According to IMDb, director Matthew Vaughn told the actors not to use accents in this film, apparently so they would be free to reinterpret the characters instead of being enslaved to the depictions of previous actors (James McAvoy, for example, had planned to use Patrick Stewart’s British accent as Xavier). 

One benefit of this decision is that the film does not have to waste valuable time explaining why an American CIA agent has a Scottish accent.

An argument could be made, I suppose, that the character does not have to be Moira, but, considering the comics analogue’s long, personal relationship with Charles, it would have been disappointing if she had been recast as a completely different character.

Stradling the Line: Canon or No Canon?

Movies work on a much more emotional level than comics. The filmmakers certainly knew this and weighed the pros and cons of following canon against making a movie that delivered the biggest emotional wallop it could. 

X-Men: First Class delivers that wallop, I think. It also stands on its own, whether one has seen the previous films or not—and whether or not any further films are forthcoming. 

The merits of any given change can be debated, but, by straddling the line between following canon (and often reinterpreting it in surprising ways) and ignoring it, the filmmakers did what all writers must do: make difficult choices to serve the needs of the story.

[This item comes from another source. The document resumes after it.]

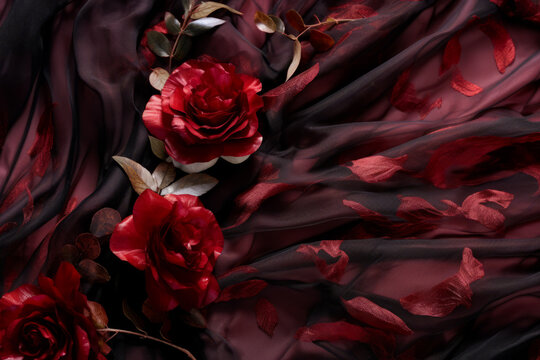 Dark elegant wallpaper made of red and black tulle fabric with vibrant red flowers. Aesthetic fashion, passion and love background.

Tell me your opinion. Did X-Men: First Class do a good job of "rebooting" the film franchise?

Comments

Kristi Bernard said…
This is a great post. I love all of the new films even though they are not true to the actual comics. I saw the Green Lantern last night and loved it. Thanks for sharing.
I know going into any super-hero movie that it's is going to make substantial changes from the comic book. I'm okay with that, so long as the film remains true to the spirit of the source material and tells a good story. The X-films, I think, have delivered on this. I haven't seen GL yet, but I'm looking forward to it.